Perceived is key here, I believe. Balancing realism and a dream is important. I have lofty goals. Does it mean I’m physically capable of all of them in the near future? Not necessarily. One day, perhaps? Hope so! It’s a process: Have a dream, set a goal, practice and strive, reassess, and move forward. Goals are dynamic for a reason. They change as we evolve.
So, in order to help me achieve my marathon goals – any life goal, really – I’ll be working on my brain as much as my body. I give myself permission to dismiss unfounded doubts and demolish perceived limits. I must remember discomfort is not evil, it is the sign of growth. I will remind myself that being scared or afraid to fail means I’m on the verge of incredible change.
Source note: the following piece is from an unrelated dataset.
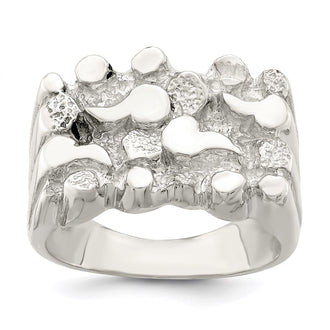 High-Quality Sterling Silver Women's Nugget-Style Ring | Stylish Value Design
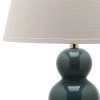 (Set of 2) 28" Pamela Triple Gourd Ceramic Lamp Marine Blue (Includes CFL Light Bulb) - Safavieh 9 (Set of 2) 28" Pamela Triple Gourd Ceramic Lamp Marine Blue (Includes CFL Light Bulb) - Safavieh -Loca Table Lamps Store unnamed file 4635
Still, none of this will prevent people from sharing their opinions on the matter. I value solid advice and constructive feedback. My mind is open to adapting and considering alternative methods. That doesn’t mean I’ve compromised my goals. I simply need to remember that no matter the advice, or the person sharing it, they are not an authority over my abilities. Only I can accurately interpret how that information fuses with my personal motivations and ambitions.
Though I may hear the NYC course is “too crowded” or “too hilly” to attempt a Boston Qualifier, I know how the city’s powerful energy affects my motivation. I know I’m not afraid of a hill; it actually provides relief. I know the emotional charge of seeing that finishing incline in Central Park, where I’ve run thousands of miles, is a homecoming.
I’m ready to wage the war in my brain. The doubtful thoughts will come. The negative opinions will surface. No big deal, right? What seemingly limits me today shall be beneath my feet tomorrow, lifting me to a stronger version of myself.